→ WHAT IS BEING ASKED
Pictures are not part of the copy; repeat everything else in the records exactly.
**** STORED DATA ****
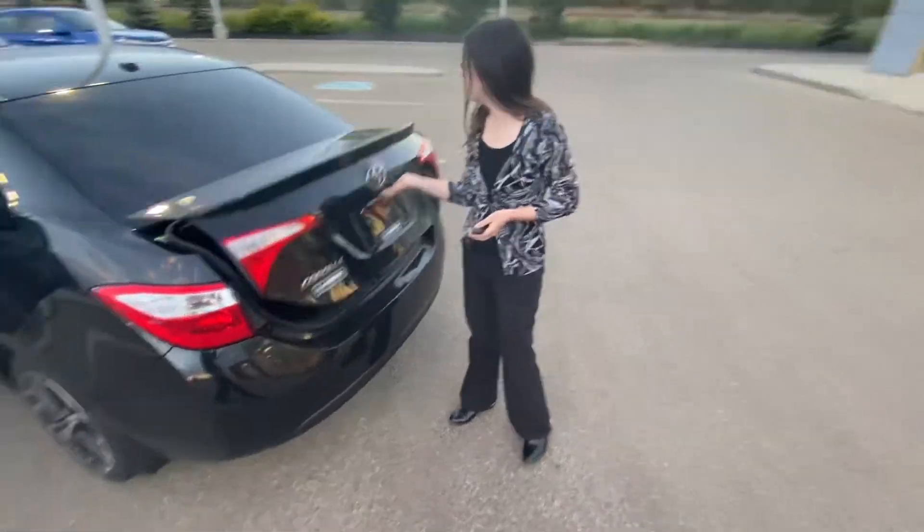Now taking a peek back here, you do have a lot of trunk space for the size of vehicle — lots of space for luggage, groceries, anything you need.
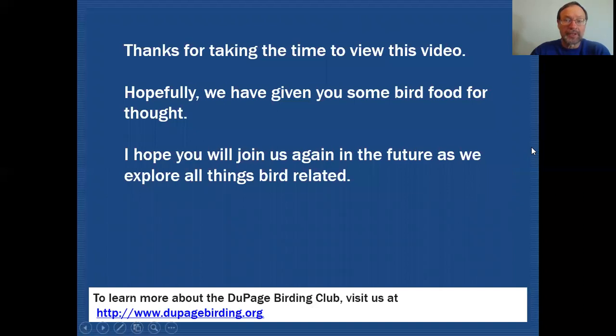Thanks for taking the time to view this video. Hopefully we've given you some bird food for thought, and I hope you'll join us again in the future as we explore all things bird related.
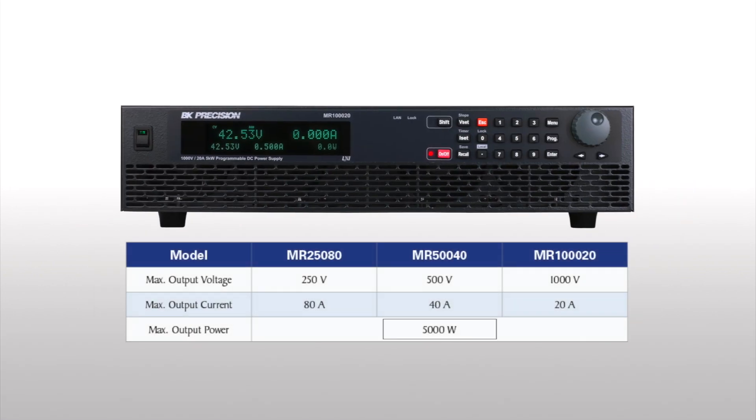Three different models each output 5 kilowatts of power, with voltages ranging from 250 volts to 1000 volts, and current to 80 amps.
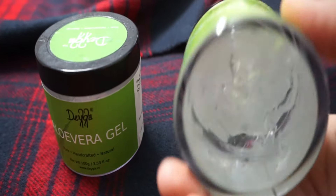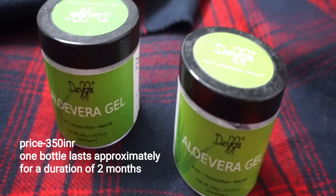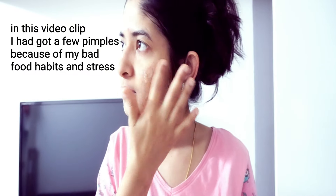Along with the charcoal soap, I use this aloe vera gel. Pure aloe vera gel doesn't suit my skin — my skin is very sensitive and if I use raw products it tends to overreact. So I prefer using store-bought aloe vera gel, and this is the one I absolutely love. I've used many other aloe vera gels in the past, but this one from Dega is what I love. You apply it at night time and when you wake up in the morning your skin really glows, and you can also see a reduction in pimple size.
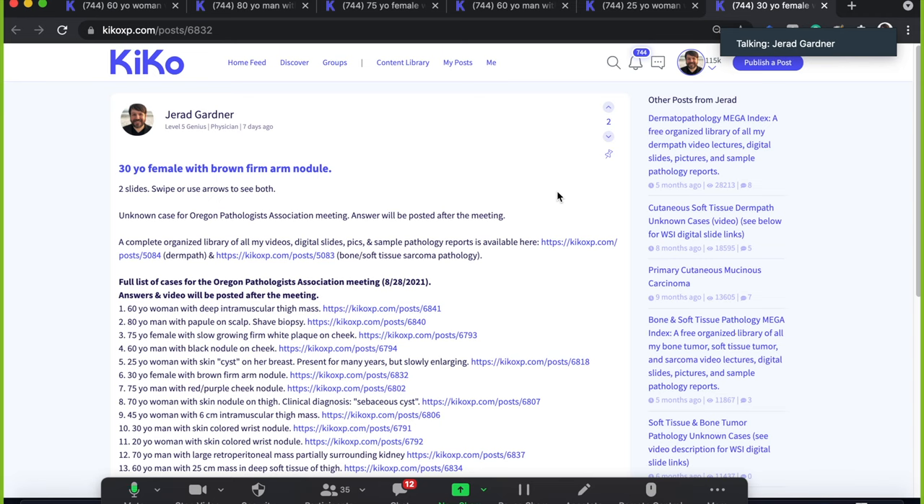All right, so case six. Maybe I should have chosen more boring entities so I wouldn't go off on all these tangents. All right, 30-year-old female with a brown firm arm nodule.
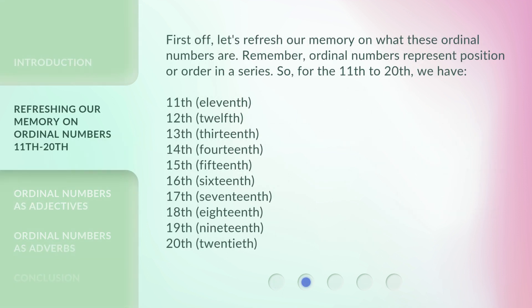First off, let's refresh our memory on what these ordinal numbers are. Remember, ordinal numbers represent position or order in a series. So, for the 11th to 20th, we have:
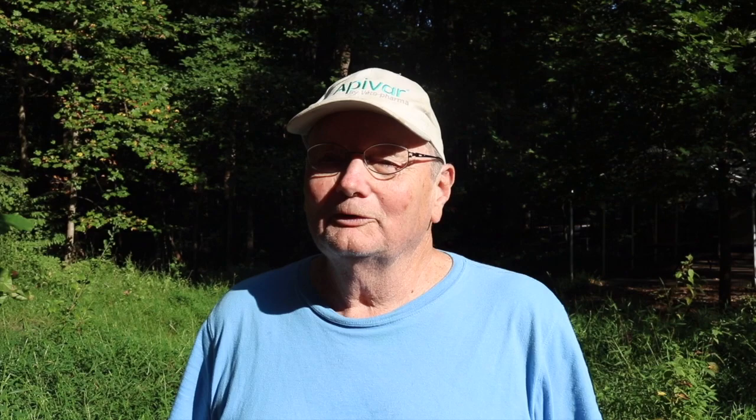Our two biggest tools are the smoker, which drives the bees down into the hives so you don't have to work with your hands quite as much in the bees, and your hive tool, which is what you use to pry the frames up and break the boxes open.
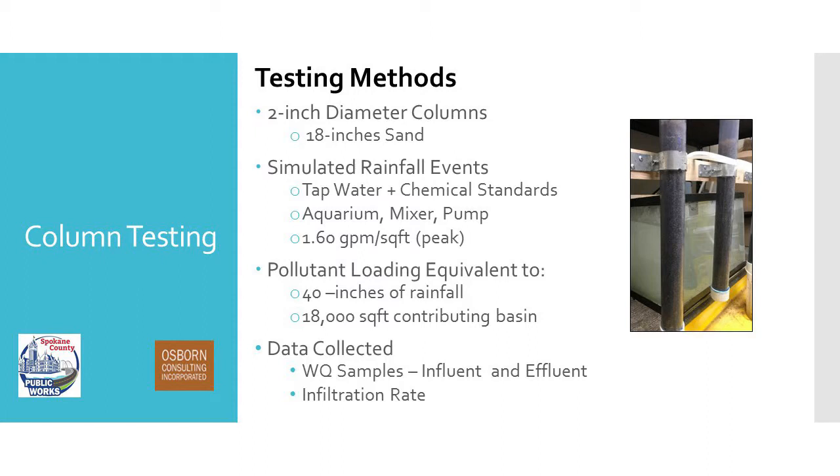For the column testing methods, we had two-inch diameter columns that were clear — I like clear columns because then I can see what's happening as stormwater flows through. We used 18 inches of sand media and packed it in the columns exactly the same way the county is going to pack them in the field using water: fill it up six inches, then flow water through it, another six inches of media, pour water through it to pack it down. Then we simulated rainfall events using a stormwater composition of tap water and chemical standards to get the pollutant concentrations we expect in the field, put in an aquarium, continually mixed to keep solids from settling, and pumped to each column at a flow rate of 1.6 gallons per minute per square foot of treatment area.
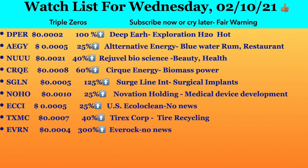Next ticker symbol is AEGY, trading at 0.005. It had an increase of 25 percent and it's called Alternative Energy. I have covered them before, and anything that is energy-related is very hot right now. It's a triple zero five.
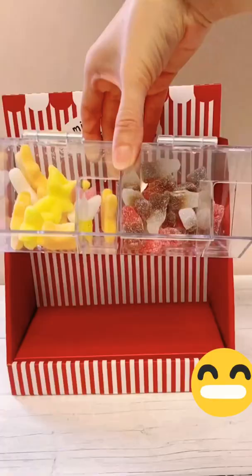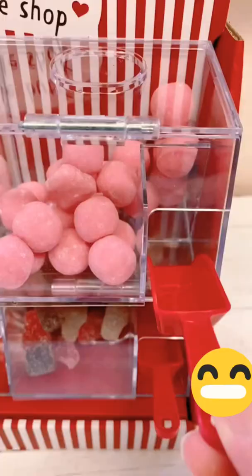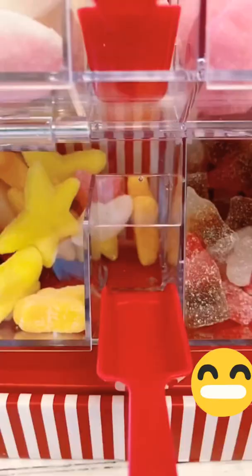Then it was time to assemble my little sweet shop. You can actually keep stacking these — they kind of click together, which is really cool. And adding the best bit, the little spoons — how cute.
****
→ ANSWER TO THIS TASK
Now taking a peek back here, you do have a lot of trunk space for the size of vehicle — lots of space for luggage, groceries, anything you need.
Thanks for taking the time to view this video. Hopefully we've given you some bird food for thought, and I hope you'll join us again in the future as we explore all things bird related.
Three different models each output 5 kilowatts of power, with voltages ranging from 250 volts to 1000 volts, and current to 80 amps.
Along with the charcoal soap, I use this aloe vera gel. Pure aloe vera gel doesn't suit my skin — my skin is very sensitive and if I use raw products it tends to overreact. So I prefer using store-bought aloe vera gel, and this is the one I absolutely love. I've used many other aloe vera gels in the past, but this one from Dega is what I love. You apply it at night time and when you wake up in the morning your skin really glows, and you can also see a reduction in pimple size.
All right, so case six. Maybe I should have chosen more boring entities so I wouldn't go off on all these tangents. All right, 30-year-old female with a brown firm arm nodule.
First off, let's refresh our memory on what these ordinal numbers are. Remember, ordinal numbers represent position or order in a series. So, for the 11th to 20th, we have:
Our two biggest tools are the smoker, which drives the bees down into the hives so you don't have to work with your hands quite as much in the bees, and your hive tool, which is what you use to pry the frames up and break the boxes open.
For the column testing methods, we had two-inch diameter columns that were clear — I like clear columns because then I can see what's happening as stormwater flows through. We used 18 inches of sand media and packed it in the columns exactly the same way the county is going to pack them in the field using water: fill it up six inches, then flow water through it, another six inches of media, pour water through it to pack it down. Then we simulated rainfall events using a stormwater composition of tap water and chemical standards to get the pollutant concentrations we expect in the field, put in an aquarium, continually mixed to keep solids from settling, and pumped to each column at a flow rate of 1.6 gallons per minute per square foot of treatment area.
Next ticker symbol is AEGY, trading at 0.005. It had an increase of 25 percent and it's called Alternative Energy. I have covered them before, and anything that is energy-related is very hot right now. It's a triple zero five.
Then it was time to assemble my little sweet shop. You can actually keep stacking these — they kind of click together, which is really cool. And adding the best bit, the little spoons — how cute.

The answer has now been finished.